■ Exercise objective ■
The entries below contain a stretch that opens with the line containing "Nature’s Answer St." and closes with the line containing "Alperen’e yeni hoca"; set down that stretch exactly, both ends included, and nothing else.
#####
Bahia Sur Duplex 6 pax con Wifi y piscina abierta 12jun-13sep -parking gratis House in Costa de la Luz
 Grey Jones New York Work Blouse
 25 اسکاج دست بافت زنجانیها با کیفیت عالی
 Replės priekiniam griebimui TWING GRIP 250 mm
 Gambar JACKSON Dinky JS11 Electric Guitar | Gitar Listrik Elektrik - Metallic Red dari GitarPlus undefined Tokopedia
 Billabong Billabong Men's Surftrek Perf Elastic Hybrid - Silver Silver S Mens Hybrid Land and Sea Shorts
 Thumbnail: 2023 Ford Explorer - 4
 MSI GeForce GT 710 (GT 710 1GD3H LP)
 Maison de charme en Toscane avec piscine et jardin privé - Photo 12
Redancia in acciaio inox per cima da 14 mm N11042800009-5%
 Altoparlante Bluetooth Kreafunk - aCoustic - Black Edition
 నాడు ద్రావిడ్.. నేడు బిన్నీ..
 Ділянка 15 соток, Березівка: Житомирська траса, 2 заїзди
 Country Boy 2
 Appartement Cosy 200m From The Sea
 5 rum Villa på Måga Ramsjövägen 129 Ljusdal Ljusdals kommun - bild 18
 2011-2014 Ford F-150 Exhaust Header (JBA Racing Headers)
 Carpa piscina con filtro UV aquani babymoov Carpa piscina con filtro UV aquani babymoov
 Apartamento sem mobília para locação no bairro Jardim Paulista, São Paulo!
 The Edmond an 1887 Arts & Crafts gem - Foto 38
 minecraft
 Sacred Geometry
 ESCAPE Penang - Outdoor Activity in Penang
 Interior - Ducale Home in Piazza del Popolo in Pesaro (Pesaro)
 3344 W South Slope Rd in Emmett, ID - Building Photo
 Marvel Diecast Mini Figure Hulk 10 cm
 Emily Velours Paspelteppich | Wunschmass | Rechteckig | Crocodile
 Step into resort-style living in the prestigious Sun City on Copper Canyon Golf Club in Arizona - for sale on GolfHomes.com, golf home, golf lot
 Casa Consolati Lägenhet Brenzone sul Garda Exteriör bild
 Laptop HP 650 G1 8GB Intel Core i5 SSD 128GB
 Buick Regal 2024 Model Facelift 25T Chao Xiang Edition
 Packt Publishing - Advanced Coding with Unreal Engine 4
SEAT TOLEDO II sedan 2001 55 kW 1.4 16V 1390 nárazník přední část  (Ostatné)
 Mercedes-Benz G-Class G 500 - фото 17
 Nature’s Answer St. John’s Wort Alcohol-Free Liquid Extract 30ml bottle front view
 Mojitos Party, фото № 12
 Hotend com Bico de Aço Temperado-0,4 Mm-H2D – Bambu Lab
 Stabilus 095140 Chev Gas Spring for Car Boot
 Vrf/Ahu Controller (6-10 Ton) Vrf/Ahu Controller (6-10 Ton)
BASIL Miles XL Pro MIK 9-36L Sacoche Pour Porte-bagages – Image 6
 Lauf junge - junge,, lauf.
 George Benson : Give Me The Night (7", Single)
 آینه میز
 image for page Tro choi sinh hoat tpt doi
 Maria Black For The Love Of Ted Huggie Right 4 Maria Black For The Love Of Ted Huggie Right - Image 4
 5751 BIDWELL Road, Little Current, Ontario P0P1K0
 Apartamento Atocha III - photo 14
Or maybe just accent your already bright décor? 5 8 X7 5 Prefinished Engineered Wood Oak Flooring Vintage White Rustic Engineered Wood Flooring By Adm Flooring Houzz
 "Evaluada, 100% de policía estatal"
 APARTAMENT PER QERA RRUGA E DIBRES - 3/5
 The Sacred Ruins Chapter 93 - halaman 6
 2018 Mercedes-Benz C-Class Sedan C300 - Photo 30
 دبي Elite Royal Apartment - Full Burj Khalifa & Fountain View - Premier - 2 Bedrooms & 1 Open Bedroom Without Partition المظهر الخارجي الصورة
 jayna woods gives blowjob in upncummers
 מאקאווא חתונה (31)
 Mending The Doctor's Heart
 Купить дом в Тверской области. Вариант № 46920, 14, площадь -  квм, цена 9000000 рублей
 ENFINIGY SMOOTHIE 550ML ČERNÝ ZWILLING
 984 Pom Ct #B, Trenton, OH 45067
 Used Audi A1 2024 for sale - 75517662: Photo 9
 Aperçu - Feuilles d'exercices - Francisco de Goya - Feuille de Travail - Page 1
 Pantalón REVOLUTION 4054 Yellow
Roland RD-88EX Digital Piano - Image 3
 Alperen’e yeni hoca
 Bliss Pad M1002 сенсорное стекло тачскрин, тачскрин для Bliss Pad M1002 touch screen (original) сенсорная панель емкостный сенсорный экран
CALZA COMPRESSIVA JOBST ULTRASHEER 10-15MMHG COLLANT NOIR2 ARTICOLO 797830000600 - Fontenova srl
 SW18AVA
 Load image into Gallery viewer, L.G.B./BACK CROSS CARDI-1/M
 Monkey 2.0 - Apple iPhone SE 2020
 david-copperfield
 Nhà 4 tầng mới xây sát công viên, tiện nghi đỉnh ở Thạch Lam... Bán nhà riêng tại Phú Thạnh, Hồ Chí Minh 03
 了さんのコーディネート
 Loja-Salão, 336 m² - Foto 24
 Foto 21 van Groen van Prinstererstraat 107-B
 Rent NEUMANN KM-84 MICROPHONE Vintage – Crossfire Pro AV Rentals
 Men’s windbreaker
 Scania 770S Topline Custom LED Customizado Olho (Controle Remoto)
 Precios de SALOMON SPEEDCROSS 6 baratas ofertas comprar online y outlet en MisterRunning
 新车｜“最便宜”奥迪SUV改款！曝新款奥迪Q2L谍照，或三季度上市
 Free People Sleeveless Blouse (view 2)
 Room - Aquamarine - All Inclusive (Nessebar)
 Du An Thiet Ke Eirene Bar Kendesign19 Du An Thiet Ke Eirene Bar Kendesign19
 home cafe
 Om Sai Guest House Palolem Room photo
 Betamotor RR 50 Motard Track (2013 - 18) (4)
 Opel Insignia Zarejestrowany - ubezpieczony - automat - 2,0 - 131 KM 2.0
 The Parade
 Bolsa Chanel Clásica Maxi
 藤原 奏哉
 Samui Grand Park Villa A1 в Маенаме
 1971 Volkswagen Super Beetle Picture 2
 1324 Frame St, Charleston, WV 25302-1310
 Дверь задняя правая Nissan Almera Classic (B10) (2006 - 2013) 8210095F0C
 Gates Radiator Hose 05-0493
#####
■ Result of this exercise ■
 Nature’s Answer St. John’s Wort Alcohol-Free Liquid Extract 30ml bottle front view
 Mojitos Party, фото № 12
 Hotend com Bico de Aço Temperado-0,4 Mm-H2D – Bambu Lab
 Stabilus 095140 Chev Gas Spring for Car Boot
 Vrf/Ahu Controller (6-10 Ton) Vrf/Ahu Controller (6-10 Ton)
BASIL Miles XL Pro MIK 9-36L Sacoche Pour Porte-bagages – Image 6
 Lauf junge - junge,, lauf.
 George Benson : Give Me The Night (7", Single)
 آینه میز
 image for page Tro choi sinh hoat tpt doi
 Maria Black For The Love Of Ted Huggie Right 4 Maria Black For The Love Of Ted Huggie Right - Image 4
 5751 BIDWELL Road, Little Current, Ontario P0P1K0
 Apartamento Atocha III - photo 14
Or maybe just accent your already bright décor? 5 8 X7 5 Prefinished Engineered Wood Oak Flooring Vintage White Rustic Engineered Wood Flooring By Adm Flooring Houzz
 "Evaluada, 100% de policía estatal"
 APARTAMENT PER QERA RRUGA E DIBRES - 3/5
 The Sacred Ruins Chapter 93 - halaman 6
 2018 Mercedes-Benz C-Class Sedan C300 - Photo 30
 دبي Elite Royal Apartment - Full Burj Khalifa & Fountain View - Premier - 2 Bedrooms & 1 Open Bedroom Without Partition المظهر الخارجي الصورة
 jayna woods gives blowjob in upncummers
 מאקאווא חתונה (31)
 Mending The Doctor's Heart
 Купить дом в Тверской области. Вариант № 46920, 14, площадь -  квм, цена 9000000 рублей
 ENFINIGY SMOOTHIE 550ML ČERNÝ ZWILLING
 984 Pom Ct #B, Trenton, OH 45067
 Used Audi A1 2024 for sale - 75517662: Photo 9
 Aperçu - Feuilles d'exercices - Francisco de Goya - Feuille de Travail - Page 1
 Pantalón REVOLUTION 4054 Yellow
Roland RD-88EX Digital Piano - Image 3
 Alperen’e yeni hoca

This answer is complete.